A person has a right to enjoy music about hopelessness, but when I look at some lyrics, suddenly the serial killings start to make sense.

Nothing matters, no one else
I have lost the will to live
Simply nothing more to give
There is nothing more for me
Need the end to set me free.

The kid who shot up the school in Texas, the night manager at the Walmart store who shot up his coworkers in the break room — it was about suicide and wanting the suicide to get attention. It’s sort of cheesy for millionaire musicians to crank out anthems to hopelessness — this isn’t the blues, it’s angry morbidity. But there it is.

I trust that you, sir, find some serenity in your silence. Perhaps you’ve taken up birdwatching. It’s a long way from thrash metal to thrushes and meadowlarks but the human imagination is capable of great leaps. I hope you’ve found someone to put his/her/their arms around you.

I went to the library that day and sat in the reading room, and I was the oldest in the room by far. Intense young scholars who I imagine may do the work needed to save this planet so that future generations can enjoy fantasies of violence if they wish. If the sea rises faster as the planet heats up, survival will take precedence over amusement. People will lose the liberty to be weird.

Two nights before, I had been in Palm Springs to give a speech and was reminiscing about the past and on an impulse I sang the words, “There are places I remember” and the audience sang the whole song with me. A thousand people knew the words to Lennon-McCartney’s “In My Life,” including the repeated last line with the high notes, “In my life, I love you more.” And then we sang “Silent Night,” all three verses. It brought me to tears, people united with strangers in beautiful works of art.

I wonder if, years from now, a crowd will sing Metallica songs for the pleasure of it.
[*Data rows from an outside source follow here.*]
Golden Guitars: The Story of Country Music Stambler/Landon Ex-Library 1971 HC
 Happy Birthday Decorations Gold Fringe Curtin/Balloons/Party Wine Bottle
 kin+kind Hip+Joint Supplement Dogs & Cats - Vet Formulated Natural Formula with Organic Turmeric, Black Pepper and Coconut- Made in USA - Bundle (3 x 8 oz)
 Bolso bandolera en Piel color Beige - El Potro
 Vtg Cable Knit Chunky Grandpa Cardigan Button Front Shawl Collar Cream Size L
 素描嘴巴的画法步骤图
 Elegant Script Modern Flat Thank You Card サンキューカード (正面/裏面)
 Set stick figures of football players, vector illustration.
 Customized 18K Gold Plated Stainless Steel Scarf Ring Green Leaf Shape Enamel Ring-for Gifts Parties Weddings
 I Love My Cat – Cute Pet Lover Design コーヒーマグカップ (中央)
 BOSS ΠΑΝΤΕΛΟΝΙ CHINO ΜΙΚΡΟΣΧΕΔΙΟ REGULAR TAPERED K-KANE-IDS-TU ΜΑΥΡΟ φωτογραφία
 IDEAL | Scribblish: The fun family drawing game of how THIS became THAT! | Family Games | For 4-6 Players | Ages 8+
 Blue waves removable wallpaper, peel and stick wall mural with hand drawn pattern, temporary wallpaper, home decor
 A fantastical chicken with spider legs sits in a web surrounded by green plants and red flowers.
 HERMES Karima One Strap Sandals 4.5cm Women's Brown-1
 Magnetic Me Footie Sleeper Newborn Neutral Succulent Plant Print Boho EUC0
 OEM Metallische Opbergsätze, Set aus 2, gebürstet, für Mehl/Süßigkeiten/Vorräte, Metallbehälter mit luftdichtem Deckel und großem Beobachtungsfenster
The apostle Paul wrote to the Christians in Philippi, in Macedonia, to fix their minds on what is true and beautiful and I suppose they tried to do that, and eventually their city was destroyed by the Ottoman Empire and now, centuries later, the ottoman is just a footstool. The world changes and takes us with it. But the true and beautiful remains, more compelling than ever. Dystopia and mental distress are very much in fashion now and there seem to be no memoirs about a happy childhood, only trauma and displacement and broken hearts, and so be it. But comedy, which is a charitable deed, lasts longer. Knock knock. Who’s there? Metallica. Metallica who? Metallica doesn’t have a last name, it’s not a human, it’s abandoned.